DATASET SECTION:
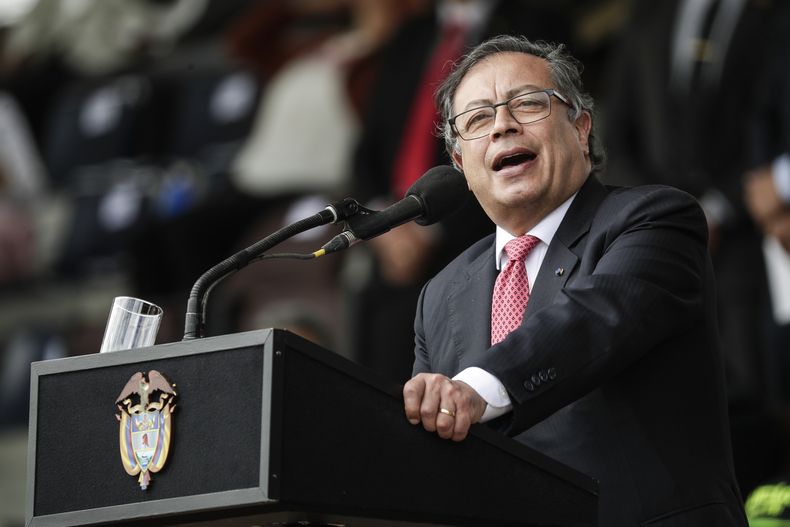 El presidente de Colombia, Gustavo Petro, habla durante una ceremonia en la Academia de Policía en Bogotá, Colombia, el martes 20 de junio de 2023. (AP Foto/Iván Valencia)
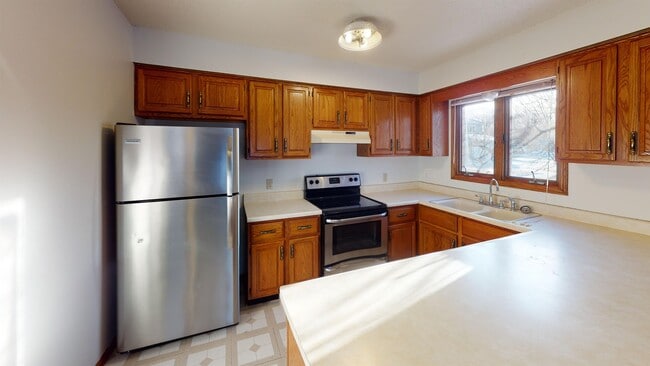 property at 1505 Little Bluestem Ct
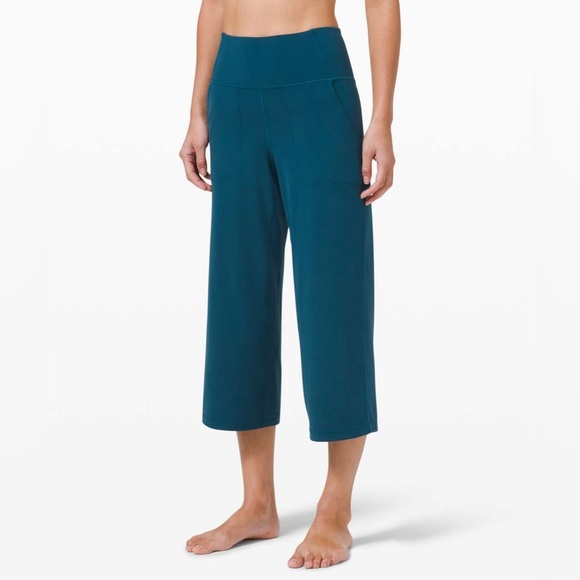 Lululemon Align Wide Leg Super-High-Rise Crop - Picture 1 of 5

PROBLEM TO SOLVE: In full and without any pictures, print the listing above exactly.

OUTPUT OF THE TASK:
 El presidente de Colombia, Gustavo Petro, habla durante una ceremonia en la Academia de Policía en Bogotá, Colombia, el martes 20 de junio de 2023. (AP Foto/Iván Valencia)
 property at 1505 Little Bluestem Ct
 Lululemon Align Wide Leg Super-High-Rise Crop - Picture 1 of 5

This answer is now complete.